Its common use cases are:

  • Microservices
  • Legacy Migration
  • Multi-Tenant routing

Pros:

  • Decoupling and independant scaling of different resources
  • The gateway can accept standard public HTTP/REST requests from the internet and translate them into fast internal protocols
  • provides a perfect place to bundle shared edge concerns like global rate limiting, CORS configuration, SSL termination, and centralized logging before requests ever touch your application layer

Cons:

  • Single Point of Failure of API Gateway
  • Increased Latency
  • Configuration bottleneck.

Gateway Offloading

It involves moving shared cross-cutting infrastructure concerns such as authentication, authorization, rate limiting, SSL termination, and IP whitelisting away from individual downstream microservices and onto a centralized API Gateway at the edge of the network.

                       ┌─────────────────┐       Valid Token      ┌───────────────────┐
                       │                 │ ─────────────────────> │   User Service    │
[ Client Request ] ──> │   API Gateway   │                        │  (No Auth Code)   │
(Raw, Unverified)      │ (Validates JWT) │                        └───────────────────┘
                       │  (Rate Limits)  │       Blocked Request  ┌───────────────────┐
                       └─────────────────┘ ─────────────────────> │ X [Dropped Edge]  │
                                                                  └───────────────────┘

Pros:

  • Engineering teams don't waste time writing, updating, or debugging authentication libraries across different backend languages
  • Security rules are managed in a single configuration file at the gateway level
  • Offloading heavy tasks like SSL decryption and caching frees up CPU and memory on your downstream service nodes

Cons

  • Single Point of Failure (Security & Routing)
  • Tighter Coupling to Infrastructure
  • Latency Overhead

Gateway Aggregation

It involves using a centralized gateway to accept a single client request, fan out multiple parallel requests to various downstream microservices, consolidate their individual responses, and return a single, unified data payload back to the client.

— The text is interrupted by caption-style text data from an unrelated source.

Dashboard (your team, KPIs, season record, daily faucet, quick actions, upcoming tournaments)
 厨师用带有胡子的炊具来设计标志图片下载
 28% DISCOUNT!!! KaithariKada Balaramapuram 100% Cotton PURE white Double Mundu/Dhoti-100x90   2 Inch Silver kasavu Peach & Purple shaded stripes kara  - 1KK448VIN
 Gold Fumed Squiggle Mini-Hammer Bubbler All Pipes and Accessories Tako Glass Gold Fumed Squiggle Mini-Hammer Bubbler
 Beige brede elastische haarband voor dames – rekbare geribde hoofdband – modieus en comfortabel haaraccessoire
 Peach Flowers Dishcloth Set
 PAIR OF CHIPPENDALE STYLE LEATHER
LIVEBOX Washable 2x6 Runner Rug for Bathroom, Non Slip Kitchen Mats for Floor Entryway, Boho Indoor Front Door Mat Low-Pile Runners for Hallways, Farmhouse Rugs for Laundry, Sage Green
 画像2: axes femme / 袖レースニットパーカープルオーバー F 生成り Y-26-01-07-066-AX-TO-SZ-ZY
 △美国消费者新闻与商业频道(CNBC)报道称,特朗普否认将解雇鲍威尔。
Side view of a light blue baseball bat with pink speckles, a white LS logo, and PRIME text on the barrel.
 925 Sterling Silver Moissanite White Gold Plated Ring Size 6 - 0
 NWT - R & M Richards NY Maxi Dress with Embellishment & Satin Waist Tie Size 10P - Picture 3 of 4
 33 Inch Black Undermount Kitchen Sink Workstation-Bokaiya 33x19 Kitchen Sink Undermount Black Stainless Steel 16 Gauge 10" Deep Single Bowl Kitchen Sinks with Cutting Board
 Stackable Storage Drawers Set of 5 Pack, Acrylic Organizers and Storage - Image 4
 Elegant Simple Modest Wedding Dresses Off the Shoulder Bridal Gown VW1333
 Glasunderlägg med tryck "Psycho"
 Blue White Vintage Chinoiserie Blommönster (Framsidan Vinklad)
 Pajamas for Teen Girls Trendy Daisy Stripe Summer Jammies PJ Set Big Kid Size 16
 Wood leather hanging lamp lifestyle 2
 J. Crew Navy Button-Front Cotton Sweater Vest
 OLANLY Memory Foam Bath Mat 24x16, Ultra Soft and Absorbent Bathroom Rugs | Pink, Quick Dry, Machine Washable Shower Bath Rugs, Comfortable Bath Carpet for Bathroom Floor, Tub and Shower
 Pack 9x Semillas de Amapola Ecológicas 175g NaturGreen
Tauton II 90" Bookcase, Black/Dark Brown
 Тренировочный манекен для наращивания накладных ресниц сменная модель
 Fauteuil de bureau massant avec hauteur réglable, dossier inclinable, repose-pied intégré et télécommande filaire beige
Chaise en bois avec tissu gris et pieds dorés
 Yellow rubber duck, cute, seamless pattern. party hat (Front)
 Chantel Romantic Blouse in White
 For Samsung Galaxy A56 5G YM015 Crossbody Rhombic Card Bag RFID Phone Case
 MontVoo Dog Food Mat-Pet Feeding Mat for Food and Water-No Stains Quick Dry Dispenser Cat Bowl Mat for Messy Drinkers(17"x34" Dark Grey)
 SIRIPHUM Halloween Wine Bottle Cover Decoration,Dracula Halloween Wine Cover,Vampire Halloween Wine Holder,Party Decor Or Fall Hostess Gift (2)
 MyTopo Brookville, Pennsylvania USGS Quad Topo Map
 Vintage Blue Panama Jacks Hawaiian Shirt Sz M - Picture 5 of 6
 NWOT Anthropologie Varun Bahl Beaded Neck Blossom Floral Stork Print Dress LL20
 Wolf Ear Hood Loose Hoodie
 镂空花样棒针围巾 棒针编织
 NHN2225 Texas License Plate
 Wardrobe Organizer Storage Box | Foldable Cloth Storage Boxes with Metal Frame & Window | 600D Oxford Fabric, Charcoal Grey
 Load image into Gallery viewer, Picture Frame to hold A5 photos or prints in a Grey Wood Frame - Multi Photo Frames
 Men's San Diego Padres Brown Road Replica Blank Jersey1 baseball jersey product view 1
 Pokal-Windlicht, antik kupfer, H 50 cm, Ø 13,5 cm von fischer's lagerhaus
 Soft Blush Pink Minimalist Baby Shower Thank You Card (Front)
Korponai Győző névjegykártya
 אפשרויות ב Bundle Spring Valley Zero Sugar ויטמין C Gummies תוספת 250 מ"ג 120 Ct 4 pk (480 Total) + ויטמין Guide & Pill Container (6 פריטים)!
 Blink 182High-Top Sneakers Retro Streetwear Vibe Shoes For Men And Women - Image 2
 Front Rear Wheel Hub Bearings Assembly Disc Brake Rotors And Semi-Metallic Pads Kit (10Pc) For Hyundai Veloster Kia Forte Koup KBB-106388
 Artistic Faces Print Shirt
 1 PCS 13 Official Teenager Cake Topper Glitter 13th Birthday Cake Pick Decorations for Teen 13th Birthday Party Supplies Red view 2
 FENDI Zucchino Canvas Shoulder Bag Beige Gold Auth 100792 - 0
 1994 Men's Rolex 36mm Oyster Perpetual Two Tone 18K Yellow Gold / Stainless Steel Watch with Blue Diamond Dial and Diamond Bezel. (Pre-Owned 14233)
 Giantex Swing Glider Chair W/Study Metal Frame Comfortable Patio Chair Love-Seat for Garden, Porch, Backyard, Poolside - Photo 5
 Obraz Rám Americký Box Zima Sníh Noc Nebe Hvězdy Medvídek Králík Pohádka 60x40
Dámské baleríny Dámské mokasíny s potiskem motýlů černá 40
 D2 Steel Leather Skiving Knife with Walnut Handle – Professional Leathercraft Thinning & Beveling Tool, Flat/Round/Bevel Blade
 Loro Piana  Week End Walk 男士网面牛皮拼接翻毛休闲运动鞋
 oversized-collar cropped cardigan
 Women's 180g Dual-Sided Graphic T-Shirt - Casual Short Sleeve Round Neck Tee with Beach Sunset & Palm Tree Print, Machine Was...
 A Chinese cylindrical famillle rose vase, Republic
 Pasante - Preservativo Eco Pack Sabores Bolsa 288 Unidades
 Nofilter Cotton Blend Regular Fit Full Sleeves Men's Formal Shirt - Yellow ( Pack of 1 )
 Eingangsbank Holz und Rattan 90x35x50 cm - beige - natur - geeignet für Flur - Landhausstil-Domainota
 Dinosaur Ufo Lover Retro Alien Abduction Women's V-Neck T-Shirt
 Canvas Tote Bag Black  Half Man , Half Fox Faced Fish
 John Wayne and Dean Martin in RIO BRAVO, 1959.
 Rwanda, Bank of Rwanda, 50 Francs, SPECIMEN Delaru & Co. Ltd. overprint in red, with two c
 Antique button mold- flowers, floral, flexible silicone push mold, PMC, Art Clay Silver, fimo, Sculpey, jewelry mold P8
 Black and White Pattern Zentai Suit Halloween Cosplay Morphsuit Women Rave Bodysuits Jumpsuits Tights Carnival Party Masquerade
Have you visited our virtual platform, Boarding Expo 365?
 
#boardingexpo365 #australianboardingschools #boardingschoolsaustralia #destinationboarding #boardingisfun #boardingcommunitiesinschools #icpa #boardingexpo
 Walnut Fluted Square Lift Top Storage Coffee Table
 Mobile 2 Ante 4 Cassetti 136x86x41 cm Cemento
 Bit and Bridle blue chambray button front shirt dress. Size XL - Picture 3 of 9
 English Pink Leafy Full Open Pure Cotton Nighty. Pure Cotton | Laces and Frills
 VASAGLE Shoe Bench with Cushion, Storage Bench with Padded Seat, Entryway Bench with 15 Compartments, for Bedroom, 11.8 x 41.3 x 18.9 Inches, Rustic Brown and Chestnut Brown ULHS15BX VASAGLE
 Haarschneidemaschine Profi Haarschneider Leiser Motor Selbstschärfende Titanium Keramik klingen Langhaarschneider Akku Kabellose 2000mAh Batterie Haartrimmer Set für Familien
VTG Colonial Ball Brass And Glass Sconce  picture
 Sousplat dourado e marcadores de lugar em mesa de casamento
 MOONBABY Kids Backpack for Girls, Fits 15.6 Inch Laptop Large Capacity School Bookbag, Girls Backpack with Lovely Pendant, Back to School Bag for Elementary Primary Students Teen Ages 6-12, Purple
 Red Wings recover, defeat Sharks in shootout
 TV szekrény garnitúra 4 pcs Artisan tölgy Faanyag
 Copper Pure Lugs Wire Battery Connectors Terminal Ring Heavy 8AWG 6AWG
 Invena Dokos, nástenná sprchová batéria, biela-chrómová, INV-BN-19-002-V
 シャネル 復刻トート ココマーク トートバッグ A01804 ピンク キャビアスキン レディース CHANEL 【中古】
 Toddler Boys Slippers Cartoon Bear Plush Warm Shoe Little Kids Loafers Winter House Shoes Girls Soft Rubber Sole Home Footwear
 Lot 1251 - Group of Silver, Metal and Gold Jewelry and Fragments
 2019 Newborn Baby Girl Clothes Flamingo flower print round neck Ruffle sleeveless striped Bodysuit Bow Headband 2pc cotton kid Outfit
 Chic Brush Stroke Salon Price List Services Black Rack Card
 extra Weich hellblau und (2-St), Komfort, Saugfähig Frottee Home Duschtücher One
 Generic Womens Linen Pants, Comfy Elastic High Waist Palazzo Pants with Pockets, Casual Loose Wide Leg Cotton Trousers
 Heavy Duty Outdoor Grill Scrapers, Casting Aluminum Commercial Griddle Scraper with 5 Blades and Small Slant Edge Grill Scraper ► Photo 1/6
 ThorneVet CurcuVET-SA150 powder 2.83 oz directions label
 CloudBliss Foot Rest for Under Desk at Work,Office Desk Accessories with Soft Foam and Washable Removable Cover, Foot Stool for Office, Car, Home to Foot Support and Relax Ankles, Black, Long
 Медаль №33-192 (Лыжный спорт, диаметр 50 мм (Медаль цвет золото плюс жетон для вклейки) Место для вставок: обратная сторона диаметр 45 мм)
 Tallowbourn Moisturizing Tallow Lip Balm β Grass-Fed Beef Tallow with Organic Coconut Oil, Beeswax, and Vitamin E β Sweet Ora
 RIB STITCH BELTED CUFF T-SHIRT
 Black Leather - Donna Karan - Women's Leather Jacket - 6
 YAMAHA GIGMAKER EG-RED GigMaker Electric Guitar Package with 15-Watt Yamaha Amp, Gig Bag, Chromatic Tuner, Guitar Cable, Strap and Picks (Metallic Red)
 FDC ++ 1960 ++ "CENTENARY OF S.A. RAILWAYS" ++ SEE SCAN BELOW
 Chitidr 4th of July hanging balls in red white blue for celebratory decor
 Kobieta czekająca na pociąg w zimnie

                      ┌─────────────────┐  (Parallel Internal Calls)
                      │                 │ ───────> [ User Service ] ───┐
[ 1. Single Request ] │   API Gateway   │                              │        (3 Responses)
 ───────────────────> │                 │ ───────> [ Order Service ] ──┼─────> [ Collates/Maps ] ──┐
   (api.com/profile)  │ (Aggregates)    │                              │                           │
                      │                 │ ───────> [ Payment Service ] ┘                           │
                      └─────────────────┘                                                          │
                               ^                                                                   │
                               │                                                                   │
                               └───────────────── [ 2. Unified JSON Payload ] ─────────────────────┘

Pros:

  • Drastically Reduced Network Roundtrips
  • Payload Optimization
  • Separation of Concerns

Cons:

  • Tight Architectural Coupling as gateway has to know which route and which service to request.
  • Increased latency due to slowest service
  • Single point of failure

External Config Store

It involves moving all application configurations, feature flags, and environment variables out of the application deployment package (like a Docker image or a compiled binary) and placing them into a centralized, external service

        ┌───────────────────────────────────┐
        │    Central Configuration Store    │
        │  (Consul / Vault / AWS AppConfig) │
        └───────────────────────────────────┘
              /           │           \
Fetch Config /            │            \ Fetch Config
            /             │             \
           v              v              v
┌───────────┐       ┌───────────┐      ┌───────────┐
│ Service A │       │ Service B │      │ Service C │
└───────────┘       └───────────┘      └───────────┘

Pros:

  • Zero-Downtime Updates: You can change system behavior, rotate database passwords, or toggle feature flags instantly at runtime
  • Centralized Audit Trails: It provides a single point of control to monitor exactly who changed which configuration parameter, and when it was modified.
  • Enhanced Security: Secrets and operational settings can be kept entirely separate from developer source code repositories, using strict role-based access control (RBAC).

Cons:

  • Single Point of Failure
  • Caching and Staleness
  • Increased Startup Latency due to network call to fetch the configuration

Compute Resource Consolidation

It binvolves bundling multiple independent tasks or applications onto a smaller number of compute instances (such as Virtual Machines or containers) instead of giving each individual task its own dedicated server. It can be useful in:

  • Managing Low-Traffic or Background Tasks
  • Development, Staging, and Testing Environments
  • Legacy App Migration
  • Shared Web Hosting Architecture

Pros:

  • Significant Cost Savings
  • Simplified Management
  • Better Resource Density

Cons:

  • Noisy Neighbors
  • Single Point of Failure
  • Security Isolation Risks
  • Deployment Friction

Backends for Frontends (BFF)

It is a variant of the API Gateway pattern where you create separate, dedicated backend services for each specific type of user interface (such as a mobile app, a web app, and a desktop portal), rather than forcing every frontend to consume a single, generic API. Each client application communicates exclusively with its own dedicated BFF service. The BFF then interacts with the internal downstream microservices on behalf of that client.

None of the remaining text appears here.